Honestly, if you had any illusions of micro-managing the web experience on devices, this new OS and browser will make you cry. Here are some initial highlights of the new browser settings:
- Request Desktop Site is a lovely (prominent) little option that lets users request the desktop version of a site they are looking at. I presume Google simply switches to a known non-m.dot/.mobi/mobile/touch/iphone site (elegant how we name these isn’t it?). As you can imagine, if the site is responsive this option does absolutely nothing. Logical when you know what’s going on underneath, yet pretty confusing for users. Your responsive site will appear broken…even though it’s technically not. Not sure how to handle that one…
- Then come the Accessibility features! These are really quite awesome (for users…maybe not so much for designers and developers…can you feel a trend here)? These consist of all sorts of well thought out and (so far) well implemented settings. My favourite so far is Force enable zoom which enables users to “override a website’s request to control zoom behaviour”. I haven’t tried it yet but I presume this means overriding any custom viewport meta tag settings which prevent sites from auto-zooming at landscape mode. End result…you should now presume some users will see the width they want to see, not the one you’ve optimised/designed for.
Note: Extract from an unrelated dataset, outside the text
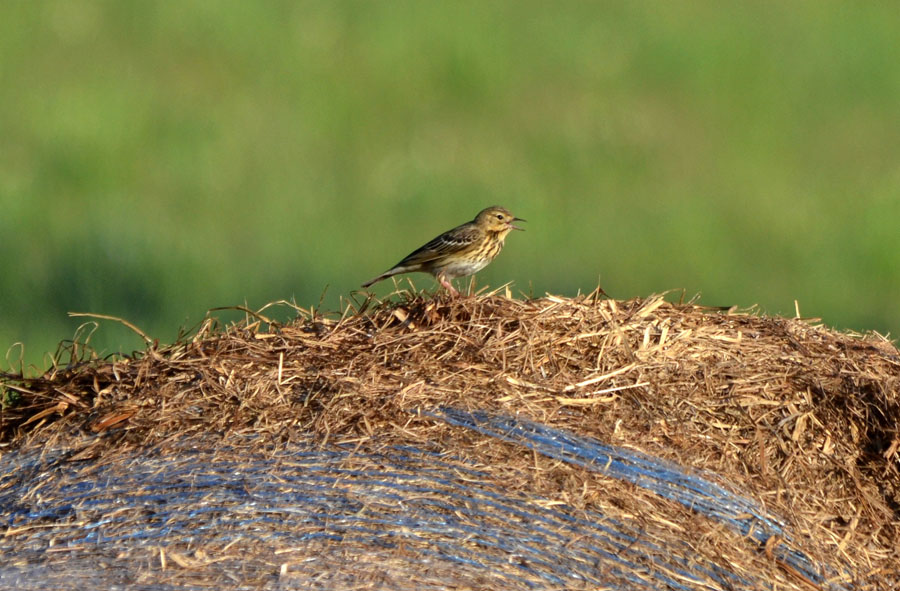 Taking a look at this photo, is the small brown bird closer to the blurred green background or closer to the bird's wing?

- The old Zoom Level settings (the ones I mentioned in yesterday’s article) are still there, but they are now in the Advanced settings panel.
- To augment the zoom levels, we now have a cornucopia of alternate settings such as Text Scaling, a lovely slider with a default of 100% and a range of 50-200%. Then there is the Zoom on double-tap slider, enabling users to control how much the content will zoom (i.e. it no longer appears to simply fit to screen on tap…it can zoom at different increments, which can result in content pushed horizontally off-screen, even on a mobile site).
- Not to be outdone we also have a Minimum font size setting (OMG!!) ranging from 1pt to a whopping 24pt. I’m not sure what the default even was (10 or 12 maybe?) as i’ve already adjusted it and there is no implicit default for these types of things…you just go with what ‘feels’ right (especially as they’ve labelled it points, not pixels, ems or percentages).
- There is also the usual handy Load images setting (now quite prominent as one of the few things in the Bandwidth management section).
- And finally, to make the brand managers quiver there is a Contrast setting (which currently seems to be disabled)…just in case you really need to see those brand colours in super high or low contrast.
When all is said and done, users have totally won this time around. They can now adjust and control just about everything related to the display of content on their device. And why shouldn’t they? The challenge now for the industry is to find that ‘happy place’ where we learn to control far less while still offering much more.